EXERCISE AIM –
Will you write out, word for word, every line from the one with "New Energy Chinese" to the final line of the data below, with the pictures left out?

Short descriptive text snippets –
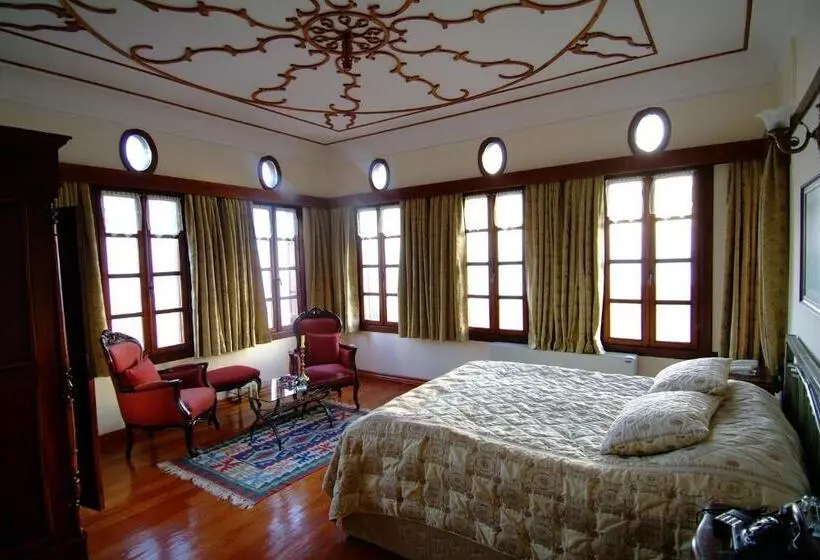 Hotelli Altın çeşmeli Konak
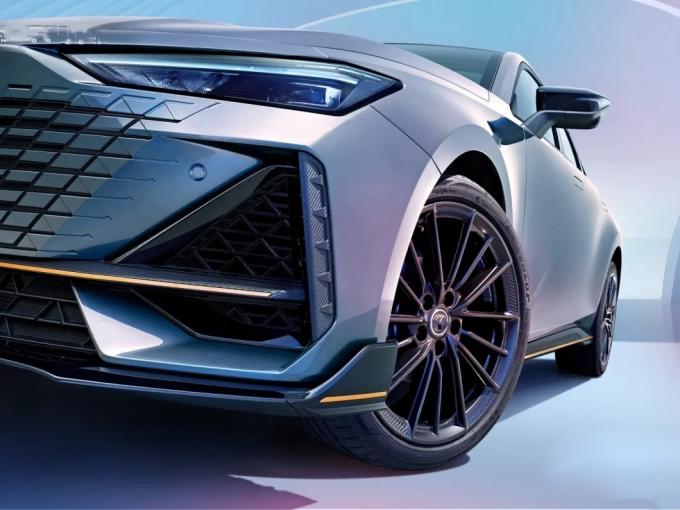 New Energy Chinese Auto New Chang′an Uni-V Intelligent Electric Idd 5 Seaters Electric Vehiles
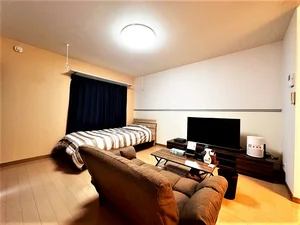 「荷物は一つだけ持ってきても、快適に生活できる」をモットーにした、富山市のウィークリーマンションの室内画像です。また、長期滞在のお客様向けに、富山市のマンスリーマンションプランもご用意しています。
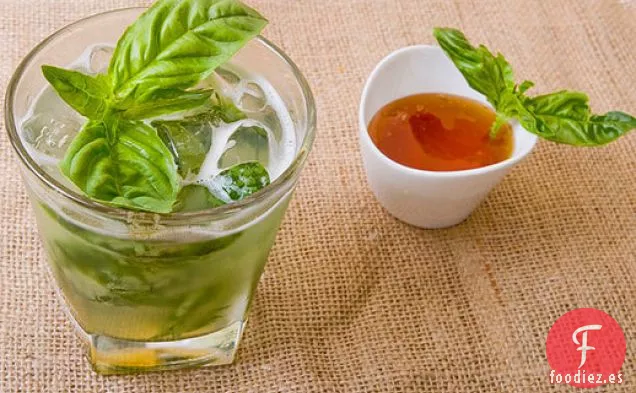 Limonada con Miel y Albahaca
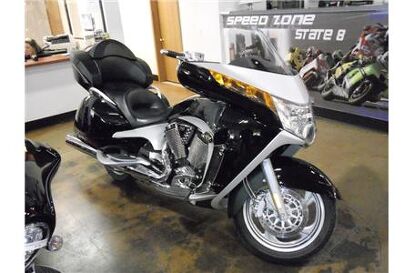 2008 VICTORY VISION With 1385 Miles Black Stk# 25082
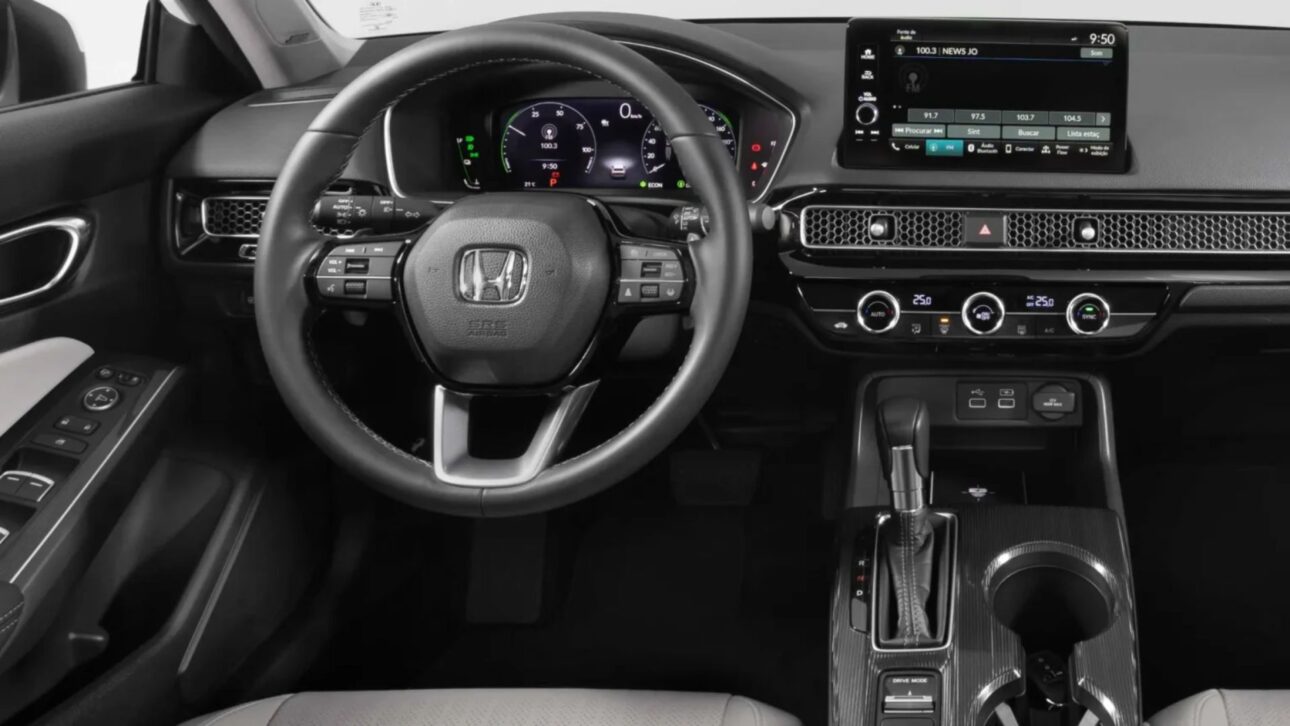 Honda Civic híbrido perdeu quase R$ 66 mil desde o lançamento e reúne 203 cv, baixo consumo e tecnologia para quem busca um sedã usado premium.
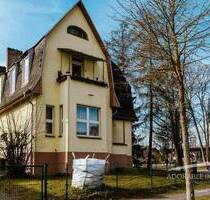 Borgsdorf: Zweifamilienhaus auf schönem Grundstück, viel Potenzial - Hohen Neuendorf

RESPONSE AREA –
 New Energy Chinese Auto New Chang′an Uni-V Intelligent Electric Idd 5 Seaters Electric Vehiles
 「荷物は一つだけ持ってきても、快適に生活できる」をモットーにした、富山市のウィークリーマンションの室内画像です。また、長期滞在のお客様向けに、富山市のマンスリーマンションプランもご用意しています。
 Limonada con Miel y Albahaca
 2008 VICTORY VISION With 1385 Miles Black Stk# 25082
 Honda Civic híbrido perdeu quase R$ 66 mil desde o lançamento e reúne 203 cv, baixo consumo e tecnologia para quem busca um sedã usado premium.
 Borgsdorf: Zweifamilienhaus auf schönem Grundstück, viel Potenzial - Hohen Neuendorf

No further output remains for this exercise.